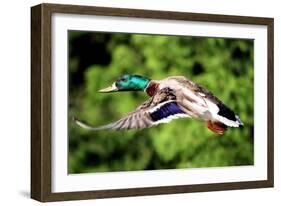 Mallard Duck-Lantern Press-Framed Art Print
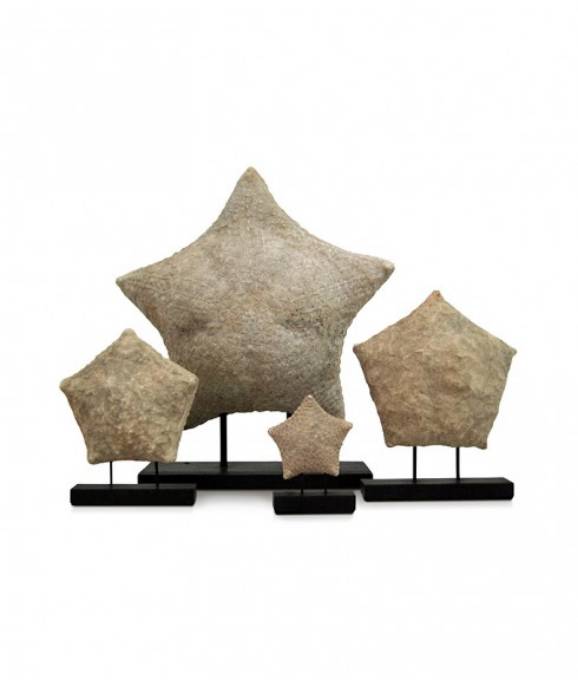 Picture of SEA STARS SET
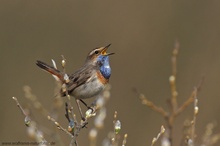 Blaukehlchen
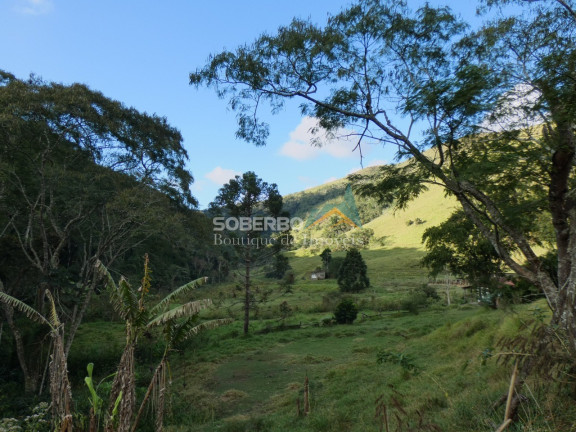 Imagem Terreno à Venda, 840.000 m² em Três Córregos - Teresópolis Imagem Terreno à Venda, 840.000 m² em Três Córregos - Teresópolis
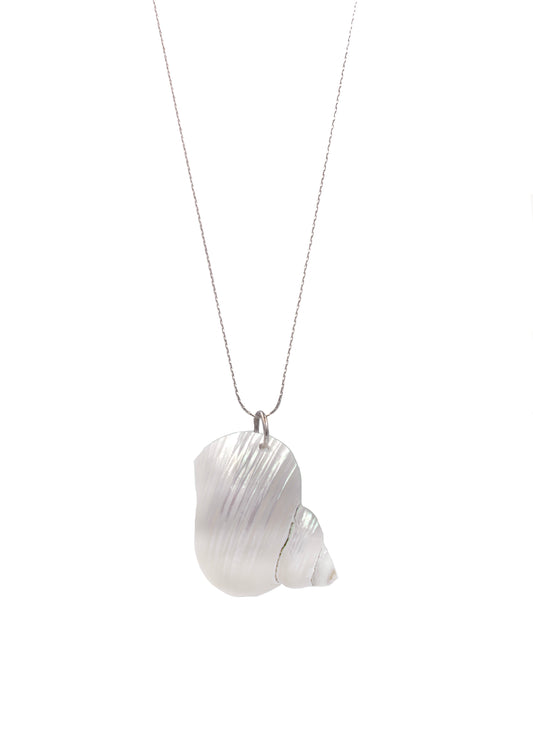 Shell pendant necklace on a white background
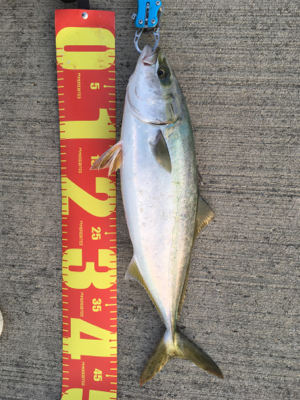 3時〜7時まで釣行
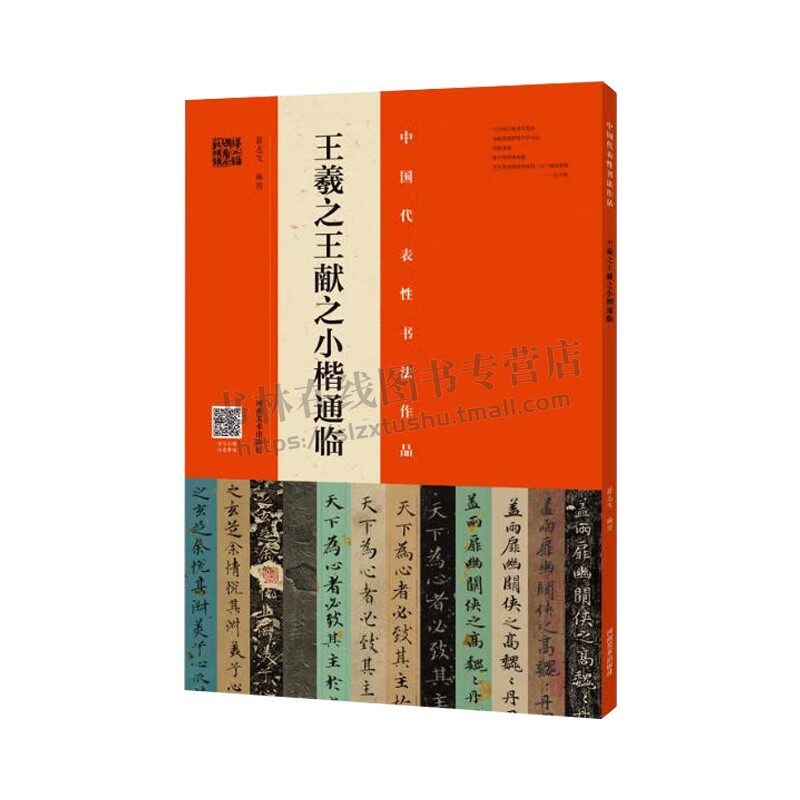 王羲之王献之小楷通临中国代表性书法作品黄庭经乐毅论宋拓本王献之玉版十三行翁志飞编全碑视频临写楷书毛笔练字帖 河南美术出版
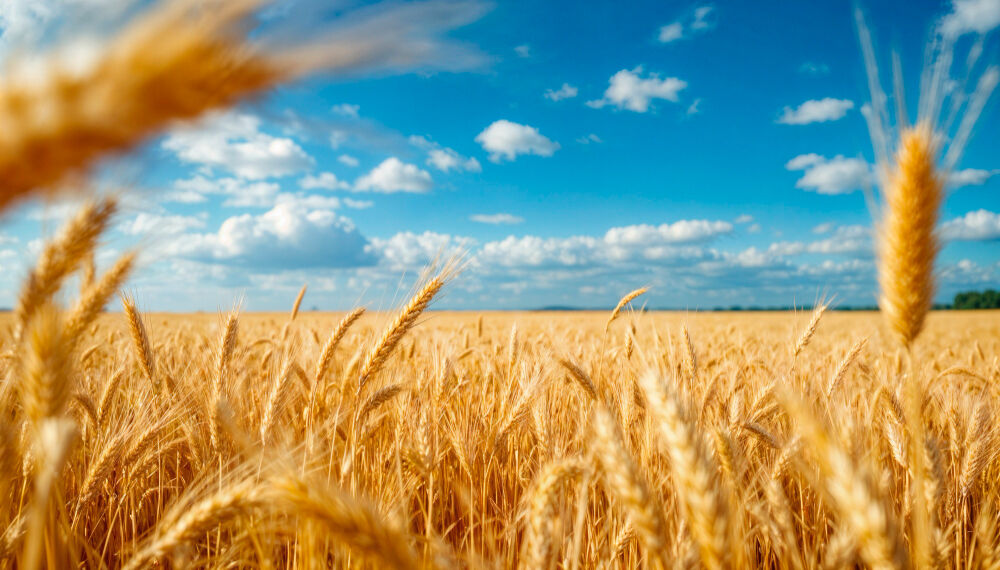 Rüyada Buğday Tarlası Görmek Gençgazete (7)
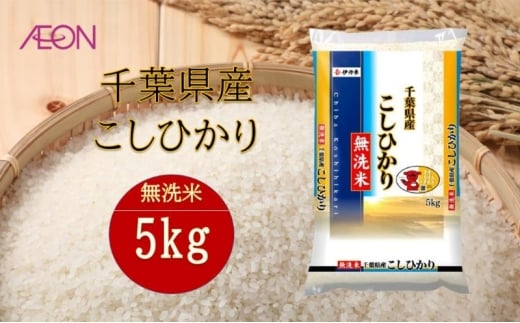 令和7年産　千葉県産 無洗米コシヒカリ5kg　米 お米 こめ コメ 白米 精米 ブランド米 こしひかり ご飯 ごはん おにぎり お弁当 [№5346-1943]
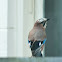 Eurasian Jay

____

■ Task to complete ■
Set down the entries above exactly, and keep every picture out of your copy.

■ Exercise solution ■
 Mallard Duck-Lantern Press-Framed Art Print
 Picture of SEA STARS SET
 Blaukehlchen
 Imagem Terreno à Venda, 840.000 m² em Três Córregos - Teresópolis Imagem Terreno à Venda, 840.000 m² em Três Córregos - Teresópolis
 Shell pendant necklace on a white background
 3時〜7時まで釣行
 王羲之王献之小楷通临中国代表性书法作品黄庭经乐毅论宋拓本王献之玉版十三行翁志飞编全碑视频临写楷书毛笔练字帖 河南美术出版
 Rüyada Buğday Tarlası Görmek Gençgazete (7)
 令和7年産　千葉県産 無洗米コシヒカリ5kg　米 お米 こめ コメ 白米 精米 ブランド米 こしひかり ご飯 ごはん おにぎり お弁当 [№5346-1943]
 Eurasian Jay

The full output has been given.